A prescindere dai numeri, queste due squadre preoccupano per il loro modo di affrontare una partita. L’Inter di Spalletti sembra aver smarrito la convinzione ferrea nei propri mezzi che l’aveva contraddistinta fino a Novembre e che le aveva permesso di arrivare a essere prima in solitaria. Anche quando giocavano meno bene i nerazzurri riuscivano a trovare la via della vittoria, cosa che in questo momento non riesce più (neanche quando passano in vantaggio, come a Firenze o a Ferrara). Un calo che ricorda nefastamente quelli avuti nelle stagioni precedenti e che fa pensare a una debolezza mentale, prima che fisica o tecnica, una sorta di spinta intrinseca a mollare quando le cose iniziano ad andare male (e alcune dichiarazioni del tecnico avvalorano questa teoria).
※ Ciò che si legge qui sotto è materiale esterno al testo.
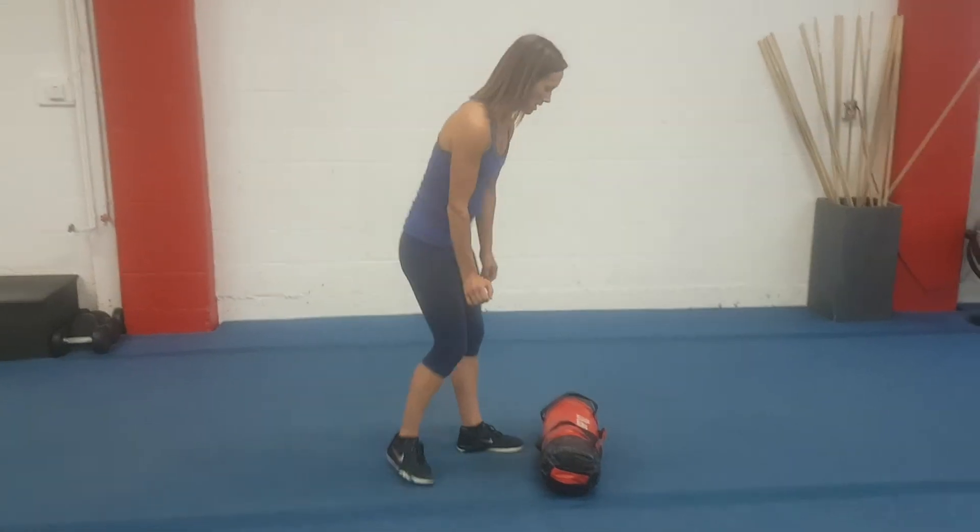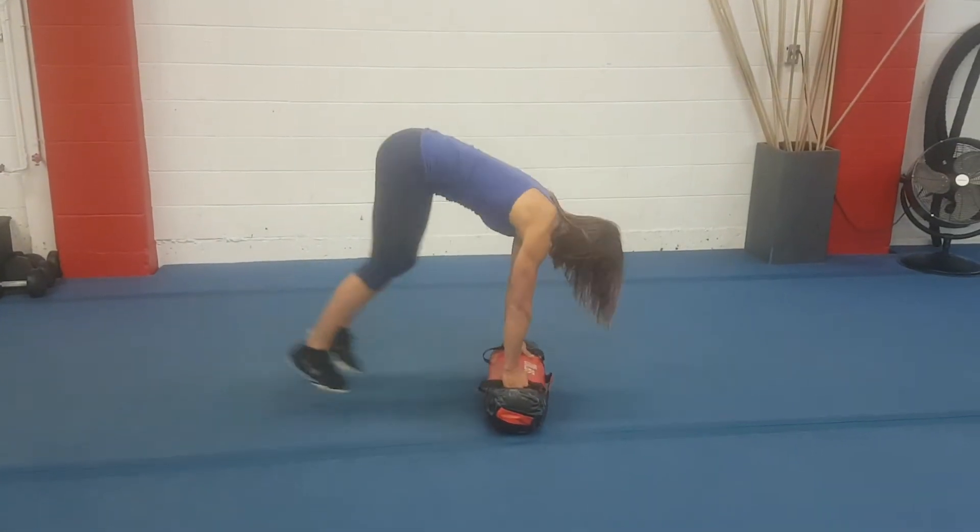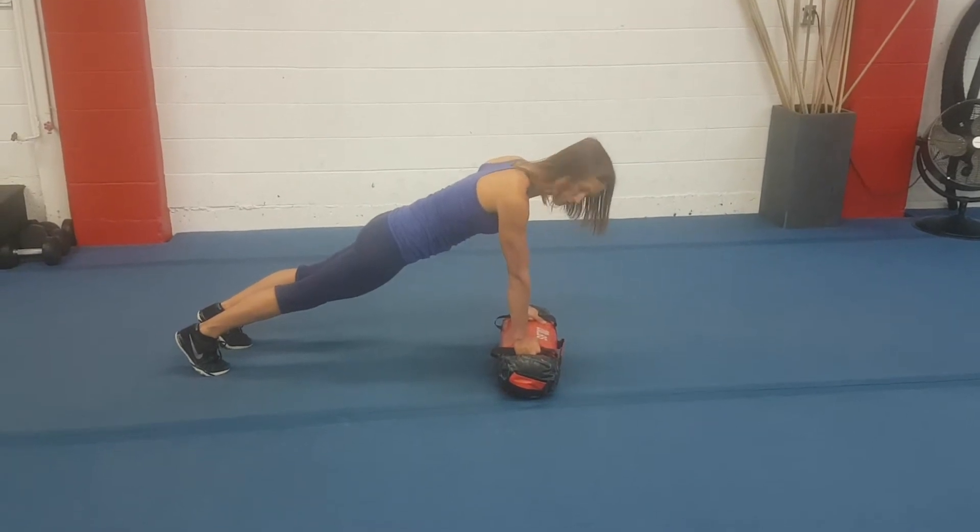Burpee with a clean squat press. Coming down into your burpee position, jumping the feet back, landing in that strong front plank.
La Roma invece, reduce da un girone di Champions passato alla grande e un inizio incoraggiante, dopo la sconfitta di Torino sembra essersi fermata. L’incredibile errore di Schick è stato una sorta di sliding door: se il ceco lo avesse segnato e i giallorossi fossero usciti indenni da Torino, forse staremmo parlando di un’altra situazione. Invece la sconfitta all’Allianz Stadium, l’ennesima contro i bianconeri, ha come svuotato la squadra.

Il mercato di gennaio, per entrambe, non è stato di certo scoppiettante. Almeno il calendario, in questo periodo, sembra voler dare una mano alle due squadre più in difficoltà della Serie A. L’Inter dovrà affrontare il Crotone di Zenga e il Bologna in casa (e con i calabresi molto probabilmente dovrà fare a meno di Icardi),  la Roma va a Verona e ospiterà in casa il Benevento. Tutte e quattro le prossime avversarie però attraversano un momento migliore e non saranno di certo disponibili a regalare punti.

Continuare questa specie di corsa del gambero e non riuscire a sbloccarsi significherebbe allargare la lotta al quarto posto anche a squadre che fino a poche giornate fa sembravano tagliate fuori, che ora sono lì pronte ad approfittare di ogni passo falso.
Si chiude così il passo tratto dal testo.